The general physics of the interaction between electromagnetic fields and the collective oscillations of free electrons in a metal can be described by Maxwell’s equations. This physical observation enables the reuse of traditional numerical techniques developed within the microwave community. On the one hand, well packaged in commercial solvers, differential equation‐based techniques, the finite difference time domain (FDTD) method [12], and the finite element method (FEM) [13], to name a few, are widely employed by experimental physicists. On the other hand, integral equation‐based techniques [14], where the light‐nanoantenna interaction is mathematically depicted by surface integral equations (SIEs) or volume integral equations (VIEs), are also of essential importance. Since an integral equation involves a pre‐calculated Green’s function (analytically known) and only targets the scatterers, that is, the nanoantennas, it can provide an unbeatable accuracy, efficiency, and physical clarity compared to their differential equation counterpart.

To reach an integral equation formalism, one may start from the equivalence principle, match the electromagnetic field at the nanoantenna’s boundary, and obtain surface integral equations. Another possibility is to use the volume equivalence principle. The nanoparticles are replaced by equivalent‐induced electric polarization currents. With discretized boundaries or bodies, both the surface integral equation and the volume integral equation can be subsequently solved by the method of moments (MoMs) algorithm [15].

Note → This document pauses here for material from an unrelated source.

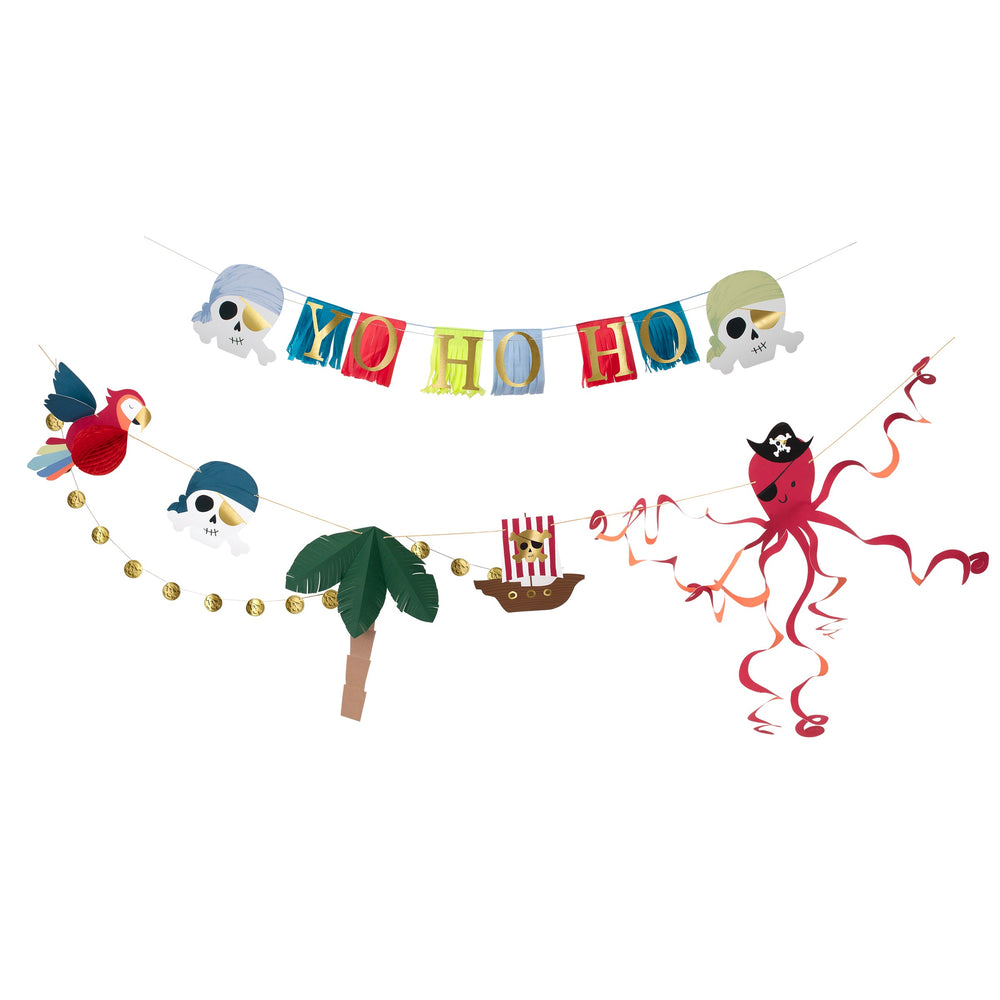 Colorful pirate themed bunting with skulls parrot ship palm tree and octopus from Parte Haus party supply store in Bethesda MD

In this chapter, we solely focus on the volume integral equation formalism. A review of the surface integral equation formalism will be presented separately in the future. This chapter is organized as follows. In Section 2, under the local response material assumption, we formulate the interaction between light and a nanoantenna, which is of an arbitrary shape immersed in a generic environment composed of several dielectric regions, in terms of a volume integral equation. Then, the volume integral equation is solved by the method of moments algorithm. To validate our implementation and demonstrate its diversity, simulation results are contrasted with a wide range of experimental data.

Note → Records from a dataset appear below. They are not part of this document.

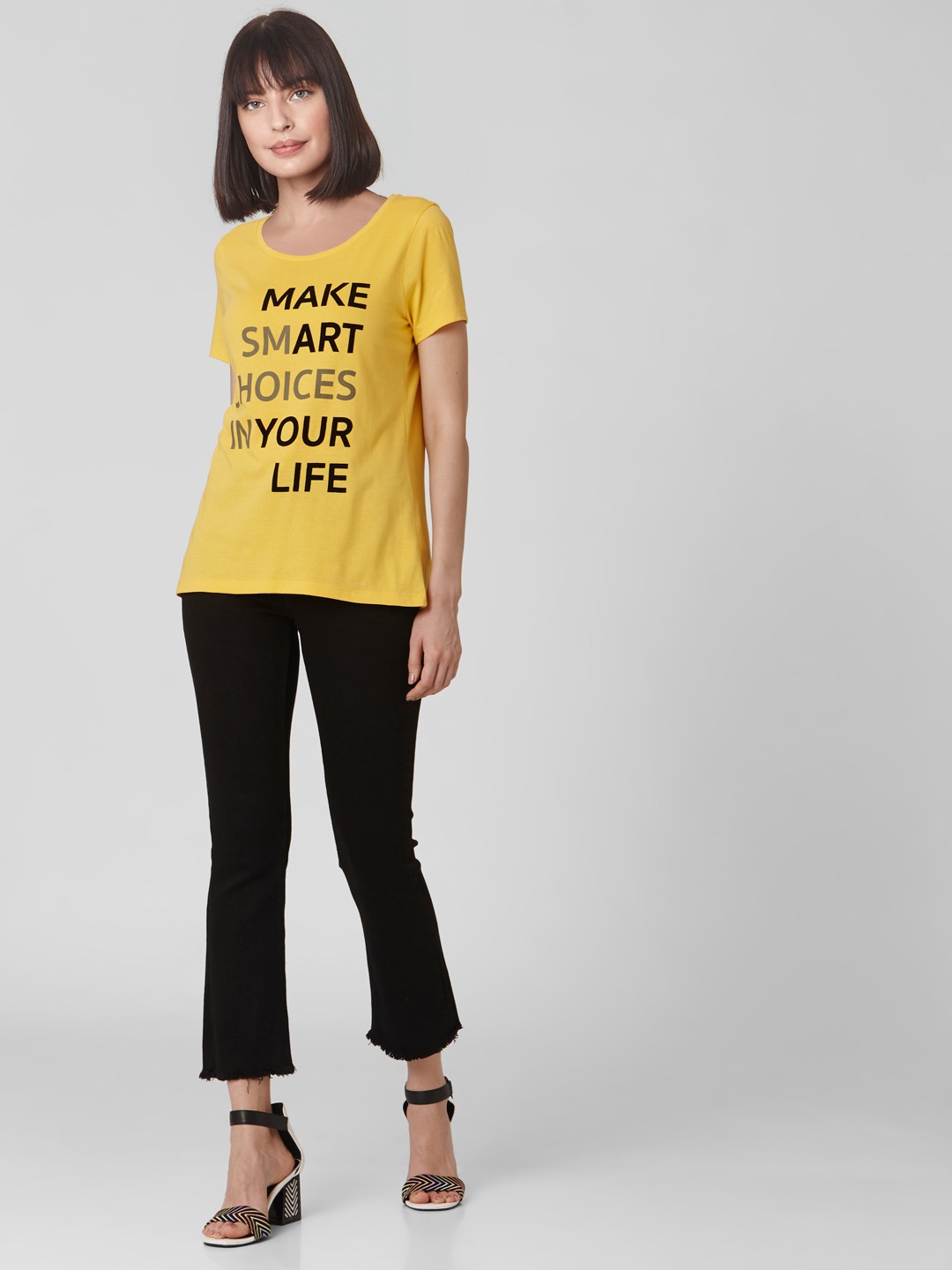 

Vero Moda Typography Printed Cotton T-shirt, Yellow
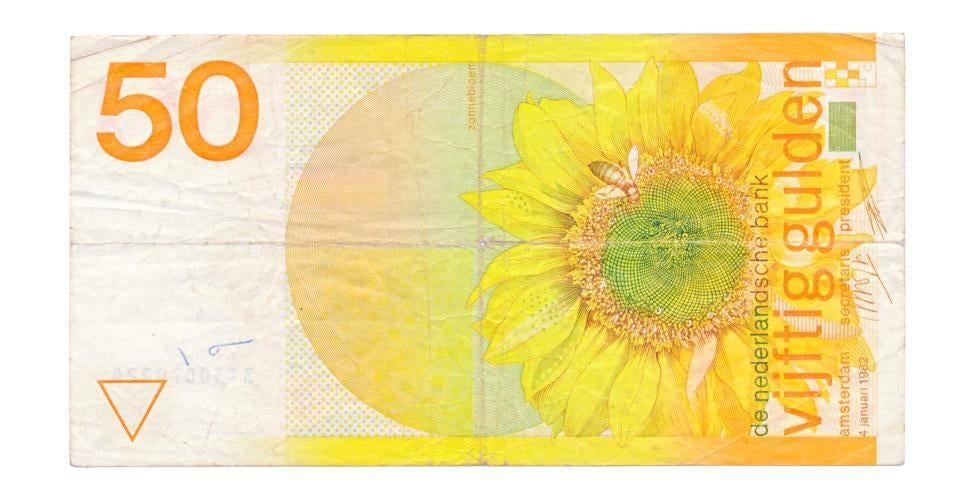 Nederland 50 Gulden 1982 Zonnebloem (beschreven), Ophalen of Verzenden, 50 gulden, Los biljet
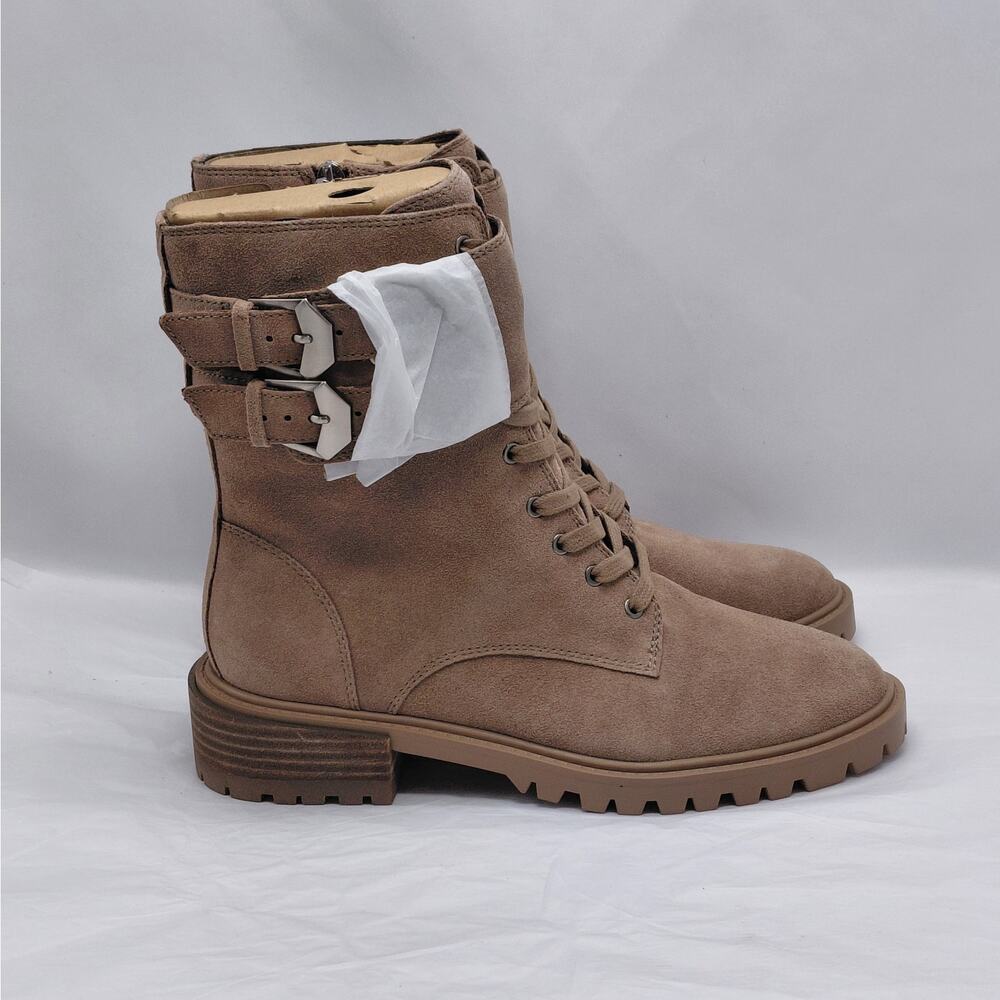 Vince Camuto Fawdry Tan Suede Combat Boots Women’s 6.5M Moto Lug Sole Fall Biker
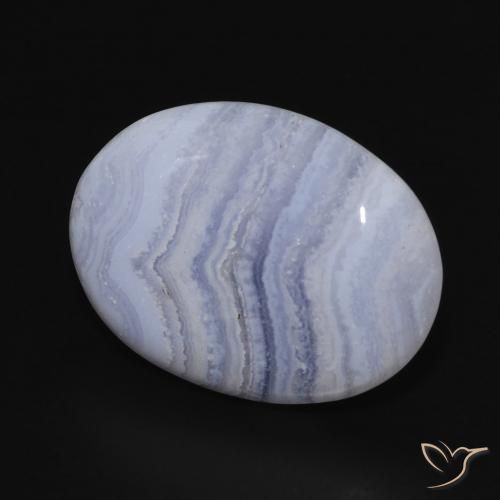 Calcedonia Azul púrpura claro natural de 13.27 ct, Ovalada, Opaco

In Section 3, the notions of eigenmodes and natural modes of a nanoantenna are presented. A mode is a fixed spatial distribution of some physical quantities (e.g., charge, current, electric field, magnetic field, etc.), and is only determined by the material, the geometry, and the environment of the structure. It is thus independent of the incident field. Two kinds of modes are introduced: eigenmodes and natural modes. While the eigenmodes are still frequency dependent, the natural modes are frequency independent. The latter represent the most fundamental properties of a structure. Different from a closed system (e.g., a cavity), the modes of an open system (i.e., a nanoantenna) are not necessarily orthogonal in an inner product sense. This implies a possible interference between the modes which is the very cause of the formation of an asymmetric line, that is, a Fano resonance, in a nanoantenna’s scattering spectrum.

Section 3 indicates that the modes of a nanoantenna are not necessarily orthogonal. Nevertheless, the condition under which the modes are orthogonal or not orthogonal is not specified. In Section 4, we supply such a condition by using symmetry arguments. The relation between the symmetries of a nanoantenna and the mode orthogonality is rigorously put into the mathematical framework of the group representation theory. It is found that the modes that belong to different irreducible representations are orthogonal to each other in an inner product sense, and therefore no interference between these modes is allowed.


2. Volume integral equation formulation and volumetric method of moments algorithm for light–nanoantenna interaction

Assume a nanoantenna in space (see Figure 1) shone upon by an incident plane wave. This plane wave is generated by a current source which is very far from the scatterer. It oscillates with a time dependency ejωtwith an angular frequency ω. A general field relation, which is the total field, is the sum of the scattered field and the incident field, must be satisfied at every point in the space,


Figure 1.

An abstract model for the light interaction with a nanoantenna (scatterer). In the figure, the scatterer is composed of a material characterized by electric and magnetic parameters, that is,εV(r,ω)andμ0. Here, the material is assumed to be non‐magnetic. For the sake of conciseness, a homogeneous background is assumed and plotted but the background can be inhomogeneous. Lastly, the incident field is generated by a predefined current distribution.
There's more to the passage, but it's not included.